◆ **Your objective**: Search the data for the string "Large" and copy each line where it turns up.

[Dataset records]
--------------------

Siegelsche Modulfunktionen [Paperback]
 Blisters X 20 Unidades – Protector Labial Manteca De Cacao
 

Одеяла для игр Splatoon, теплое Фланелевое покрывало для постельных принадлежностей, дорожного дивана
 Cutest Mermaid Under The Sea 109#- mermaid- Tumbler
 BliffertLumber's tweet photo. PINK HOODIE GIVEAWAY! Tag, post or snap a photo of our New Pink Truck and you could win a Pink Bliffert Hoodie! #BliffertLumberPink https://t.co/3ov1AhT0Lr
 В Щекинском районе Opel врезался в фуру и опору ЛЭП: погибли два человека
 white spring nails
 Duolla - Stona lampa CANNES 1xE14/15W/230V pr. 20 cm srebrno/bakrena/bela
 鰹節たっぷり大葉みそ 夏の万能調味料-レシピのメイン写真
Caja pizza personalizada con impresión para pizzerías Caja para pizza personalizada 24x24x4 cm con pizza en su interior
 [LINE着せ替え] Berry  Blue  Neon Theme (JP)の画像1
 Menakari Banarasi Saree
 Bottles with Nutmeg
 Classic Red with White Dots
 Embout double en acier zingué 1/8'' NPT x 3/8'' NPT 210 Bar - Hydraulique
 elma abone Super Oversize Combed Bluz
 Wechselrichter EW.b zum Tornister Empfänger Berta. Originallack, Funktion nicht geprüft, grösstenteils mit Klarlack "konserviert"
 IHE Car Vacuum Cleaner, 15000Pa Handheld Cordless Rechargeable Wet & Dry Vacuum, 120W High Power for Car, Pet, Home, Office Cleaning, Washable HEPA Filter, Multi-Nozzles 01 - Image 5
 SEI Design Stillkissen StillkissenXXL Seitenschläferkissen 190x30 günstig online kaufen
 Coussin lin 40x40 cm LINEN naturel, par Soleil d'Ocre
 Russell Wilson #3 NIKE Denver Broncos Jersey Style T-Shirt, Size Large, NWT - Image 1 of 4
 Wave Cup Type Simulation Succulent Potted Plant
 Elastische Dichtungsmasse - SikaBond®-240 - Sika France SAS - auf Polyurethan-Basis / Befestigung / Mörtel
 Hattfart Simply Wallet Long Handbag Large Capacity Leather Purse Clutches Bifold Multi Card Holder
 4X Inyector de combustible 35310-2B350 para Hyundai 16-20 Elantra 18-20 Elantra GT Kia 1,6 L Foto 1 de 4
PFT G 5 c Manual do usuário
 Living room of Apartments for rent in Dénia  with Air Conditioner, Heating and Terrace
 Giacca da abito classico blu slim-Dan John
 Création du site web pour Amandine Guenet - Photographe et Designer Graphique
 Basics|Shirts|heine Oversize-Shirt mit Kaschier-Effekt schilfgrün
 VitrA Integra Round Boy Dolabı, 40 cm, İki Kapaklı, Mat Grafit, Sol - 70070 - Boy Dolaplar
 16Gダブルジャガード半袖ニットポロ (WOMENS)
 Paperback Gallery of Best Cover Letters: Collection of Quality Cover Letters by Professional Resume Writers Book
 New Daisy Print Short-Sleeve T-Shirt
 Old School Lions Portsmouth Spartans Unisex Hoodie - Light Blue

--------------------

◆ **Expected answer**:
 Russell Wilson #3 NIKE Denver Broncos Jersey Style T-Shirt, Size Large, NWT - Image 1 of 4
 Hattfart Simply Wallet Long Handbag Large Capacity Leather Purse Clutches Bifold Multi Card Holder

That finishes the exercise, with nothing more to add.